Nuking The Tar Sands  

Posted by Big Gav

The Independent reports that Shell is considering the nuclear option in the Alberta tar sands fields.

Shell is considering using nuclear power to operate its controversial tar sands programme in Canada. Tar sands extraction – mining oil from a mixture of sand or clay, water and very heavy crude oil – uses a huge amount of energy and water. Environmentalists say it results in more than three times as many emissions of carbon dioxide compared to conventional oil production.

Now Canadian firms AECL and Energy Alberta have proposed building a nuclear reactor near the site of Shell’s vast Athabasca tar sands development. The boss of Energy Alberta has said the C$6bn (£2.8bn) reactor has the backing of a large unnamed copany that would take 70 per cent of the reactor’s energy.

A spokeswoman for Shell Canada refused to confirm that the company would take electricity from the reactor but said: “We have had a number of power options presented to us. Yes, it includes nuclear. “If a nuclear facility proceeds, we would look at it based on a wide range of factors such as economics, sustainability and the energy [required].” She added that the company was also looking at building biomass, renewable or co-generation plants. Analysts estimate that Canada’s huge tar sands give it the world’s second-largest oil reserves after Saudi Arabia.

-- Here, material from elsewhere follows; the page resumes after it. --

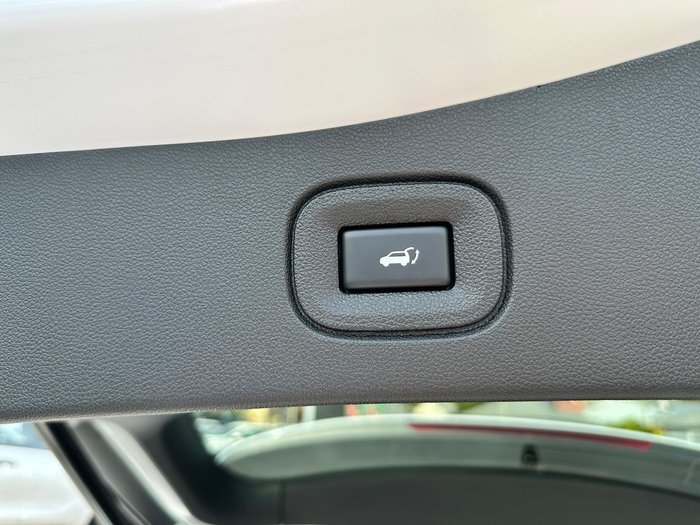 2025 Renault Koleos Evolution HZG MY25 Universal White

However, Walt Patterson, associate fellow at think-tank Chatham House, said: “Extracting oil from tar scares the pants off me. The whole idea is fundamentally perverse in the context of our present environmental situation. To then power it with nuclear, it seems to be the worst of all worlds.”

Well - the worst of all worlds is already happening - bootstrapping tar sands production using the lowest quality bitumen - its hard to see that using nuclear power is actually worse - from a global warming point of view its slightly better (albeit still disastrous).

And when did Chatham House become an environmental lobby group ?

The New York Times has an article on jatropha farming in Mali.
When Suleiman Diarra Banani’s brother said that the poisonous black seeds dropping from the seemingly worthless weed that had grown around his family farm for decades could be used to run a generator, or even a car, Mr. Banani did not believe him. When he suggested that they intersperse the plant, until now used as a natural fence between rows of their regular crops — edible millet, peanuts, corn and beans — he thought his older brother, Dadjo, was crazy. “I thought it was a plant for old ladies to make soap,” he said.

But now that a plant called jatropha is being hailed by scientists and policy makers as a potentially ideal source of biofuel, a plant that can grow in marginal soil or beside food crops, that does not require a lot of fertilizer and yields many times as much biofuel per acre planted as corn and many other potential biofuels. By planting a row of jatropha for every seven rows of regular crops, Mr. Banani could double his income on the field in the first year and lose none of his usual yield from his field.

Poor farmers living on a wide band of land on both sides of the equator are planting it on millions of acres, hoping to turn their rockiest, most unproductive fields into a biofuel boom. They are spurred on by big oil companies like BP and the British biofuel giant D1 Oils, which are investing millions of dollars in jatropha cultivation.

Countries like India, China, the Philippines and Malaysia are starting huge plantations, betting that jatropha will help them to become more energy independent and even export biofuel. It is too soon to say whether jatropha will be viable as a commercial biofuel, scientists say, and farmers in India are already expressing frustration that after being encouraged to plant huge swaths of the bush they have found no buyers for the seeds.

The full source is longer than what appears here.